GI: When I visited Marcus I saw the Telecom ISAC [Information Sharing and Analysis Centre]. During the Cuban missile crisis President Kennedy directed military, government and industry work together to secure the US communications system. That is the closest I’ve seen to a true collaboration and where we need to go – government should be about protecting systems and citizens.

DP: Brendan, how much assistance do you get from government to secure your systems and customers?

BG: I interviewed 12 water and transport operators in Victoria this time last year, just before Stuxnet, and they weren’t talking to each other or government. Until there was an incident, they weren’t willing to talk about it. We don’t share information, we don’t trust anyone and I think sharing is the most valuable tool we have.

TS: US agencies are very open about saying, “Yeah, we got hacked and this is what happened to us”. A company is not going to say that because of their reputation, the impact on their competitiveness. It gets to the point about legislation.

MS: Each US state has its own laws about breach reporting – so for companies that operate nationally it’s confusing: whose law do you follow and if you’re running a cloud where is that? The White House proposed to overrule the states. The bigger question is, so what if you report a breach? That’s fine if customers get notified but does that make you secure or does it get us any closer to catching criminals? The answer to both of those is no.

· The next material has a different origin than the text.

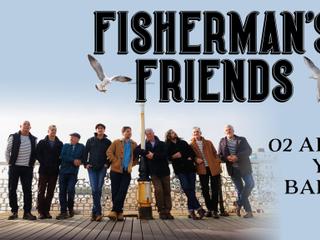 Fisherman's Friends - Venue Premium Tickets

NC: In Australia, because we have no mandatory disclosure, it’s very difficult even to get people to admit to a breach. We often find out an Australian company was breached because they have an overseas presence that discloses it.

MS: Kennedy set in motion the linking of telephone networks between the US and USSR so the leaders could talk in time of crisis. Then IBM wanted to link its mainframes and that set the groundwork for the internet. The Russian state-owned phone company and the private US carrier had to agree on connections and the governments to logistics of tolling calls, charging and diplomacy. I’m vice chair of the Communications Sector Coordinating Council; we have private-sector people embedded with offices inside the Federal Government where they work face-to-face.